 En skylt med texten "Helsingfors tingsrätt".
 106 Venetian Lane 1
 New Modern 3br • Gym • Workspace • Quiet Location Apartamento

AIM OF THE EXERCISE. Beginning at the line where "106 Venetian Lane 1" appears, extract each line through the end of the data above; keep them exact and include nothing else.

RESPONSE TO THIS TASK.
 106 Venetian Lane 1
 New Modern 3br • Gym • Workspace • Quiet Location Apartamento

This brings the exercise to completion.